_Task brief_. Find the lines in the records below that contain "long", and report each of them.

_Excerpts from a dataset_.
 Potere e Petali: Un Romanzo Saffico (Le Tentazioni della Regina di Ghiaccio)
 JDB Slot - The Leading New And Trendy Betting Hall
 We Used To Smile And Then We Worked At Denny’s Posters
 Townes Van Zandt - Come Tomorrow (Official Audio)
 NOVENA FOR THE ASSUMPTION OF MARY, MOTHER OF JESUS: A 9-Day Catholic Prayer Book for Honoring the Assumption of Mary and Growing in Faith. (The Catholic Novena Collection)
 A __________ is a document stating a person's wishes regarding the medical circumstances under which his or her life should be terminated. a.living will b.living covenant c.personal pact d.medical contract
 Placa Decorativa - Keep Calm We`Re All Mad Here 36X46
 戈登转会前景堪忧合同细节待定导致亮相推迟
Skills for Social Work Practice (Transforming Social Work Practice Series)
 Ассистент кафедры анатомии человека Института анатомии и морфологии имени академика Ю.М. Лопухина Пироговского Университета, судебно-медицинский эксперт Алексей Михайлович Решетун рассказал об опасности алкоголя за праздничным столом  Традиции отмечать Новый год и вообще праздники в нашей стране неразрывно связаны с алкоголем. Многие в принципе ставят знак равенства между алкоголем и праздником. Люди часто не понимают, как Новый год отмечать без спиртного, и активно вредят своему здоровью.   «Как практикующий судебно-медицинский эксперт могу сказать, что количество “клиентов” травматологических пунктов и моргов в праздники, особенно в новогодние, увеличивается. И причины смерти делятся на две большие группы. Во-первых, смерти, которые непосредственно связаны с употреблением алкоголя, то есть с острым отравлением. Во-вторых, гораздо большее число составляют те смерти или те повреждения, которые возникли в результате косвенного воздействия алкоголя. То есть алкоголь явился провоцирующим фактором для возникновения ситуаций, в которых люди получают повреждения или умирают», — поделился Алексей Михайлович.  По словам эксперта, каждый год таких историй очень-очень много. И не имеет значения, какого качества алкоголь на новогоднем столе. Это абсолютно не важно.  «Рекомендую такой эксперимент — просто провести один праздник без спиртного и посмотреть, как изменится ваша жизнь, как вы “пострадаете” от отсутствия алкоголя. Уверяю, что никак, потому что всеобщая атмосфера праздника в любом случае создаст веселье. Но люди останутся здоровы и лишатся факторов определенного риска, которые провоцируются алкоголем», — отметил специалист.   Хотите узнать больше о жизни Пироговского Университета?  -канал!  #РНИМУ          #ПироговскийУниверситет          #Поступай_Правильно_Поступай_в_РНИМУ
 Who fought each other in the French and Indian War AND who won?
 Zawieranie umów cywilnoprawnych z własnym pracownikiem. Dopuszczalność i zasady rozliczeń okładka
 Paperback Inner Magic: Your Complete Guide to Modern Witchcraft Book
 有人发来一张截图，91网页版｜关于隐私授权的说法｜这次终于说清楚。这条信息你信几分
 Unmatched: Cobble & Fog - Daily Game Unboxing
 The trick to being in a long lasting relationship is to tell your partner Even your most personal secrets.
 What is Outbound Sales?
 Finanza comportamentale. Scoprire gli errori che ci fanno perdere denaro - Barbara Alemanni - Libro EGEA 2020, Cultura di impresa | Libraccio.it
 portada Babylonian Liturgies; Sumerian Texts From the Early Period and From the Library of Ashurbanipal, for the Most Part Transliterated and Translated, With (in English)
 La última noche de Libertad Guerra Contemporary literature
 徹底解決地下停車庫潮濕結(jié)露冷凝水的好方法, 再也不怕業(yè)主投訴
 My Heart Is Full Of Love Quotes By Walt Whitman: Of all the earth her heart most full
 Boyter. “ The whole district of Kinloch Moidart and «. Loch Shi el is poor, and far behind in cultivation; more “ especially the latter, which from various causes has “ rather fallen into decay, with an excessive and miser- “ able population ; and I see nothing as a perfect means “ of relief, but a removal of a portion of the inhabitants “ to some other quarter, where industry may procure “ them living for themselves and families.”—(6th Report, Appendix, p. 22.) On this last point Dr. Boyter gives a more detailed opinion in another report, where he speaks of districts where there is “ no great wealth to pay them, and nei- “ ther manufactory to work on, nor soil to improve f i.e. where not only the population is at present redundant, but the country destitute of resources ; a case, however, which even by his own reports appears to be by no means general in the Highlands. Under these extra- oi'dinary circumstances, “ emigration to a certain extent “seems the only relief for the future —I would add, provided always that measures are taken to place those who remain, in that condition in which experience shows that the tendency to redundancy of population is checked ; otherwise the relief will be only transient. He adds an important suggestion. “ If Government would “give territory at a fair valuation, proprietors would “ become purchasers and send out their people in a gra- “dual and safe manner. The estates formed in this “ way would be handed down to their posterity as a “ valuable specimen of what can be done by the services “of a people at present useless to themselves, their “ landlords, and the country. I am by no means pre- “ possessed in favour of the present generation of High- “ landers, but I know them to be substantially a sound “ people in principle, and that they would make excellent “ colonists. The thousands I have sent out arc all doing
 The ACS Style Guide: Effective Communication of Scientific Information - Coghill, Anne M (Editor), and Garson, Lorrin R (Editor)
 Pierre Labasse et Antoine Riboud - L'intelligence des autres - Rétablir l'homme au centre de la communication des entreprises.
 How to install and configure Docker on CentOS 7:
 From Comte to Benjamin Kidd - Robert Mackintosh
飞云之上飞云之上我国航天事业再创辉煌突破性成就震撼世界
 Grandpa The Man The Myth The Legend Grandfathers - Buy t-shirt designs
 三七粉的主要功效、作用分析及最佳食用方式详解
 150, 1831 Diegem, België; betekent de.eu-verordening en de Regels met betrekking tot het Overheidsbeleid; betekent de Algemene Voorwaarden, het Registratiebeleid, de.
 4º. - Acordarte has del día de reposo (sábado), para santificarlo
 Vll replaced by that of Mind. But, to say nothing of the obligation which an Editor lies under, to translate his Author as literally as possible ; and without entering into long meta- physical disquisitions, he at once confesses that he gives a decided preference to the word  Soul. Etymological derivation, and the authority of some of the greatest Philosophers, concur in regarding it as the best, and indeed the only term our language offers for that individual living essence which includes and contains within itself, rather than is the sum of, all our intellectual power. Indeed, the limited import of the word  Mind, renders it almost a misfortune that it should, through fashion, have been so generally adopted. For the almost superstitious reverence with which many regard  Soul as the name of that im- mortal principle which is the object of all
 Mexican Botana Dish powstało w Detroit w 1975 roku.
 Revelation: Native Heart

_Response to this exercise_.
 The trick to being in a long lasting relationship is to tell your partner Even your most personal secrets.
 Vll replaced by that of Mind. But, to say nothing of the obligation which an Editor lies under, to translate his Author as literally as possible ; and without entering into long meta- physical disquisitions, he at once confesses that he gives a decided preference to the word  Soul. Etymological derivation, and the authority of some of the greatest Philosophers, concur in regarding it as the best, and indeed the only term our language offers for that individual living essence which includes and contains within itself, rather than is the sum of, all our intellectual power. Indeed, the limited import of the word  Mind, renders it almost a misfortune that it should, through fashion, have been so generally adopted. For the almost superstitious reverence with which many regard  Soul as the name of that im- mortal principle which is the object of all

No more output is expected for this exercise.